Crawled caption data

════

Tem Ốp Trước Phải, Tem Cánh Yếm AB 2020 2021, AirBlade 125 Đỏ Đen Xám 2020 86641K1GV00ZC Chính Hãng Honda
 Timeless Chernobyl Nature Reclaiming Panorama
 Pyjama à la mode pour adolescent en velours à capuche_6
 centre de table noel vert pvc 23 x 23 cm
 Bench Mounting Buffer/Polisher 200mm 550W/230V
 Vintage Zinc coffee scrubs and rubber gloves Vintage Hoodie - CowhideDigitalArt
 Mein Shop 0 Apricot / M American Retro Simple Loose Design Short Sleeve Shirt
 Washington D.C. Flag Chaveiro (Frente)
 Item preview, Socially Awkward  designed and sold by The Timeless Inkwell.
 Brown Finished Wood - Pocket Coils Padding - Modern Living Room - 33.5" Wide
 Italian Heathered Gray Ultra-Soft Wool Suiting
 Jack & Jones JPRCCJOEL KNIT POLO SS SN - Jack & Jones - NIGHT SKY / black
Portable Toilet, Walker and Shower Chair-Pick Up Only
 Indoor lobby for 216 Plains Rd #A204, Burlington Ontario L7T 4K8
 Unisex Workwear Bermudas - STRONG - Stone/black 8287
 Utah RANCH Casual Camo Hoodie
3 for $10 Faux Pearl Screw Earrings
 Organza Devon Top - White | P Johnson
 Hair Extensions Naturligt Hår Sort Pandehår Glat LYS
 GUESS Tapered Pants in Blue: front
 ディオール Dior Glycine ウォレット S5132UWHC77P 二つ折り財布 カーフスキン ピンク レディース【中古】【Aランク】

════

## [Task objective]
Copy each line of the entries exactly.

## [Answer space]
Tem Ốp Trước Phải, Tem Cánh Yếm AB 2020 2021, AirBlade 125 Đỏ Đen Xám 2020 86641K1GV00ZC Chính Hãng Honda
 Timeless Chernobyl Nature Reclaiming Panorama
 Pyjama à la mode pour adolescent en velours à capuche_6
 centre de table noel vert pvc 23 x 23 cm
 Bench Mounting Buffer/Polisher 200mm 550W/230V
 Vintage Zinc coffee scrubs and rubber gloves Vintage Hoodie - CowhideDigitalArt
 Mein Shop 0 Apricot / M American Retro Simple Loose Design Short Sleeve Shirt
 Washington D.C. Flag Chaveiro (Frente)
 Item preview, Socially Awkward  designed and sold by The Timeless Inkwell.
 Brown Finished Wood - Pocket Coils Padding - Modern Living Room - 33.5" Wide
 Italian Heathered Gray Ultra-Soft Wool Suiting
 Jack & Jones JPRCCJOEL KNIT POLO SS SN - Jack & Jones - NIGHT SKY / black
Portable Toilet, Walker and Shower Chair-Pick Up Only
 Indoor lobby for 216 Plains Rd #A204, Burlington Ontario L7T 4K8
 Unisex Workwear Bermudas - STRONG - Stone/black 8287
 Utah RANCH Casual Camo Hoodie
3 for $10 Faux Pearl Screw Earrings
 Organza Devon Top - White | P Johnson
 Hair Extensions Naturligt Hår Sort Pandehår Glat LYS
 GUESS Tapered Pants in Blue: front
 ディオール Dior Glycine ウォレット S5132UWHC77P 二つ折り財布 カーフスキン ピンク レディース【中古】【Aランク】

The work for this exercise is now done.